**Data**:
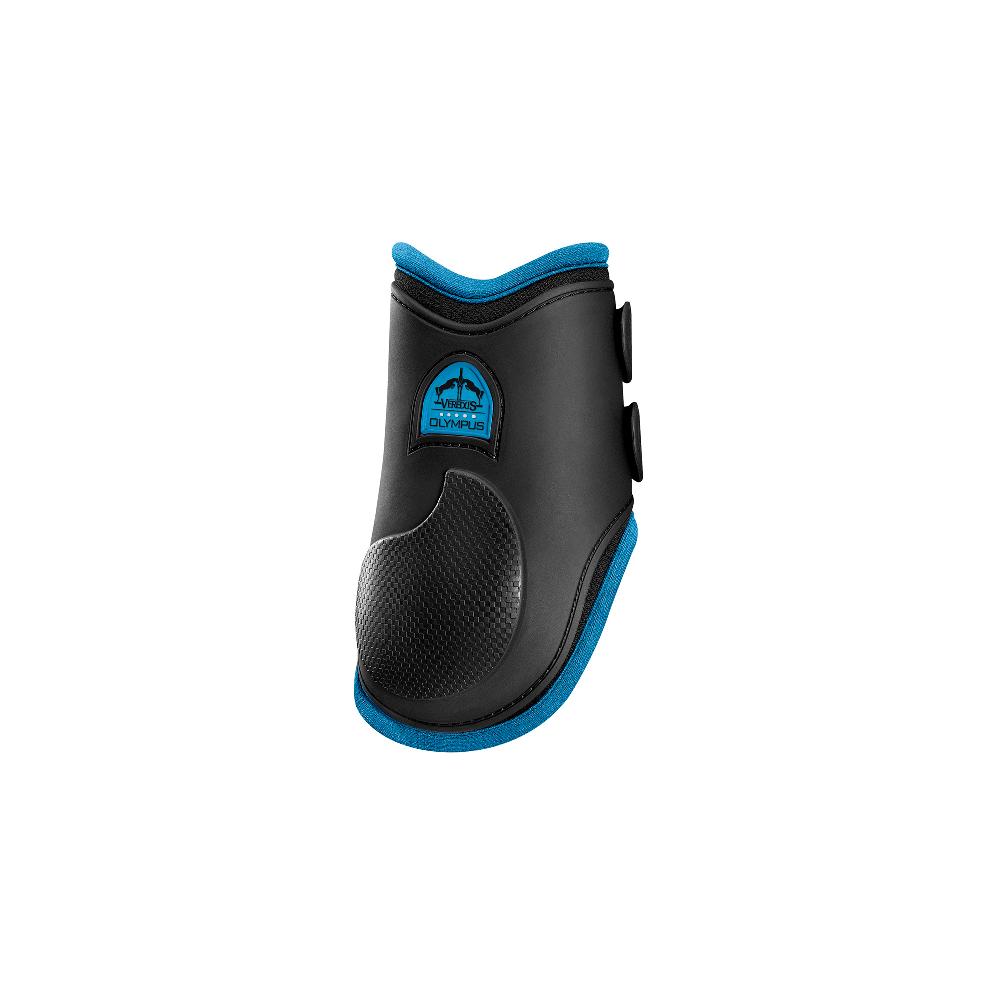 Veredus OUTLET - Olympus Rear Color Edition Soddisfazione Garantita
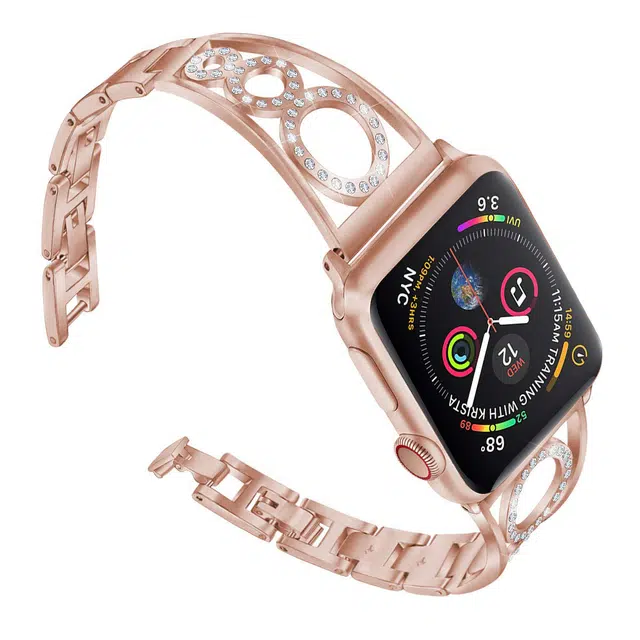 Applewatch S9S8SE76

---

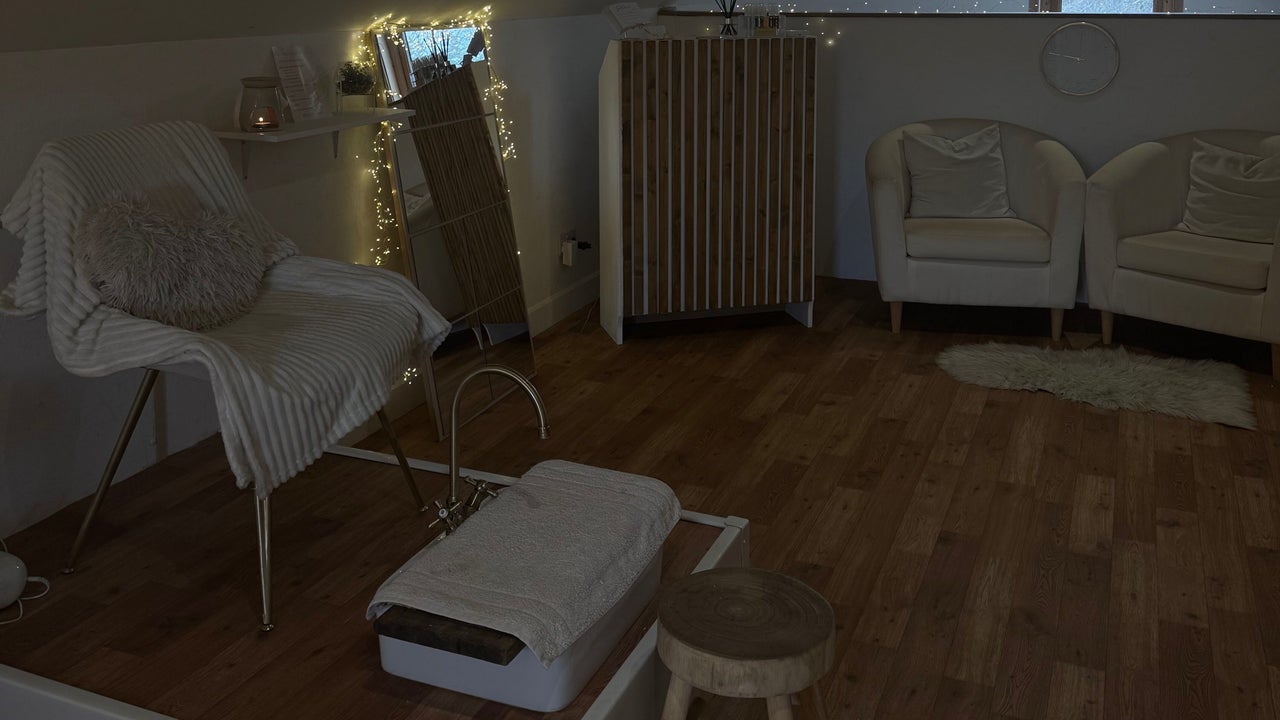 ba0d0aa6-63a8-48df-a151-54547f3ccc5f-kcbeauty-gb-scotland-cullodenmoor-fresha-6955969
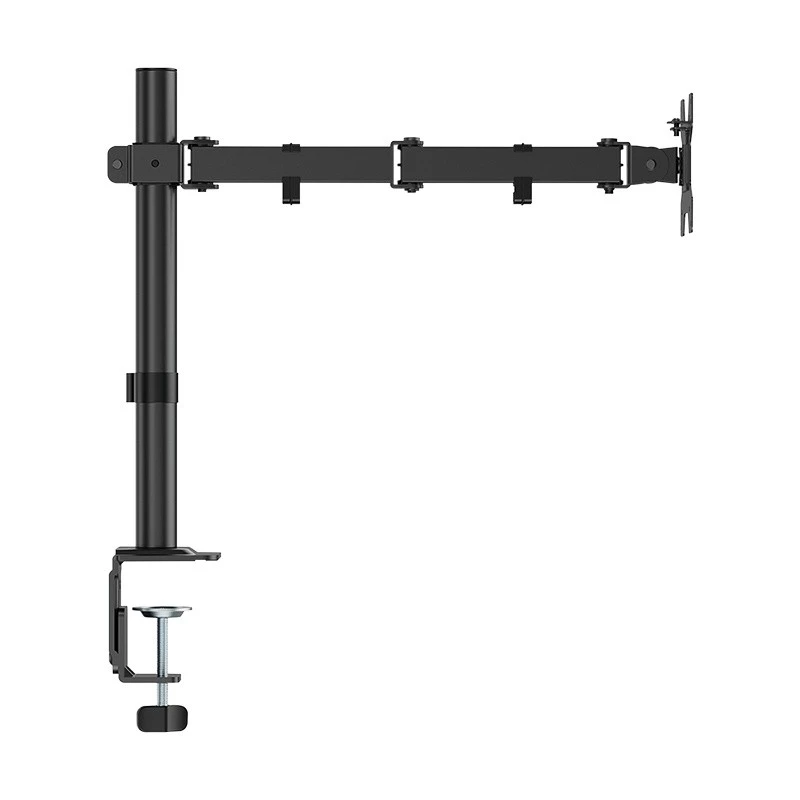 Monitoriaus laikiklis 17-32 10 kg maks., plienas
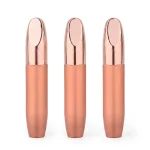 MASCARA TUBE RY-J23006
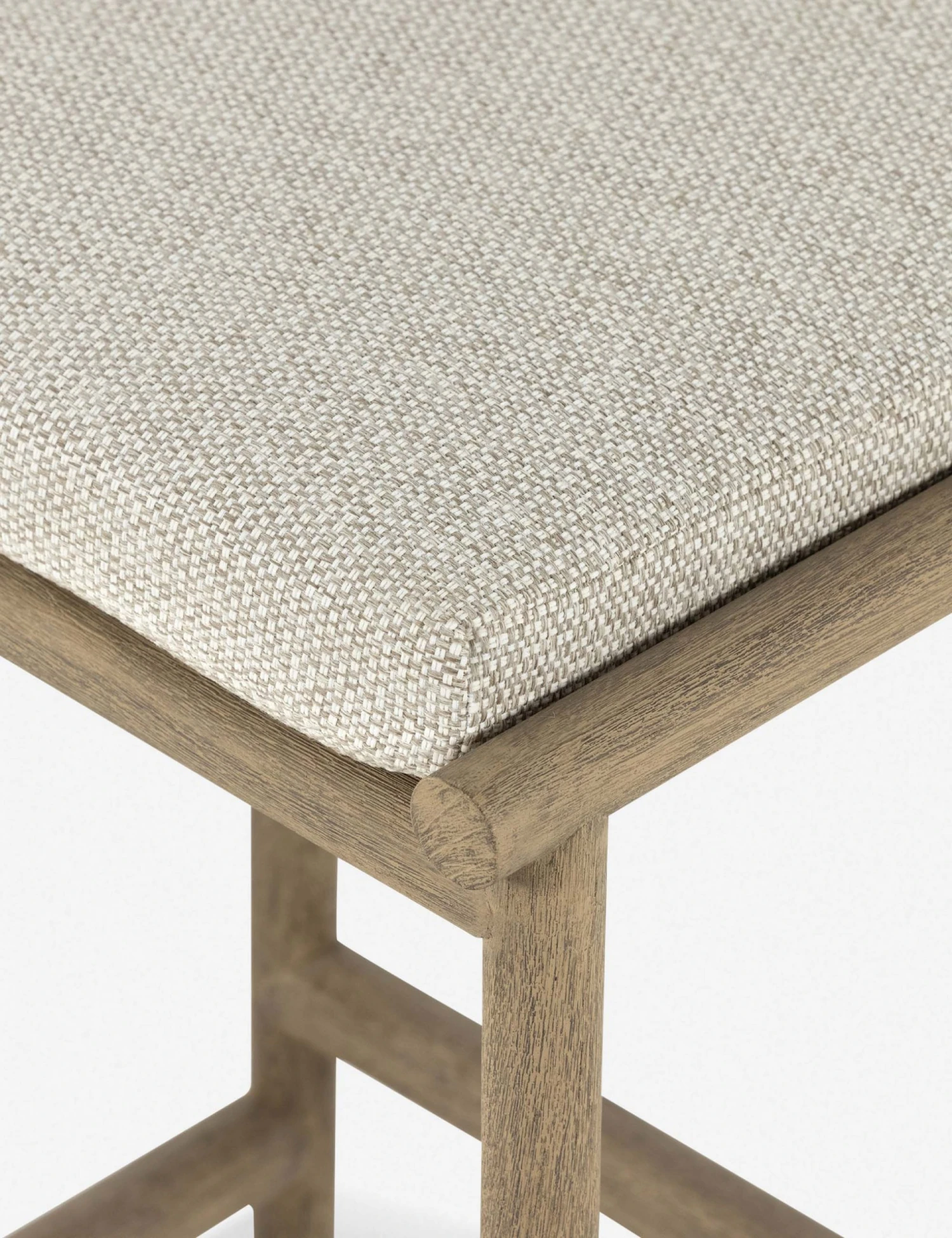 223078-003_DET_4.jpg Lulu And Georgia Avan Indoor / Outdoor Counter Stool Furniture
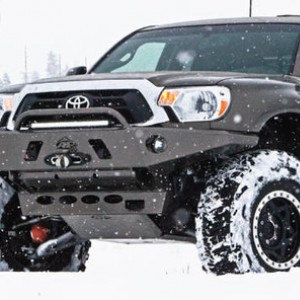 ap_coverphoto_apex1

**What you need to do**: Among the entries above, find the line with "MASCARA TUBE RY-J23006" and repeat exactly from there through the line with "ap_coverphoto_apex1", leaving out the pictures.

**Task result**:
 MASCARA TUBE RY-J23006
 223078-003_DET_4.jpg Lulu And Georgia Avan Indoor / Outdoor Counter Stool Furniture
 ap_coverphoto_apex1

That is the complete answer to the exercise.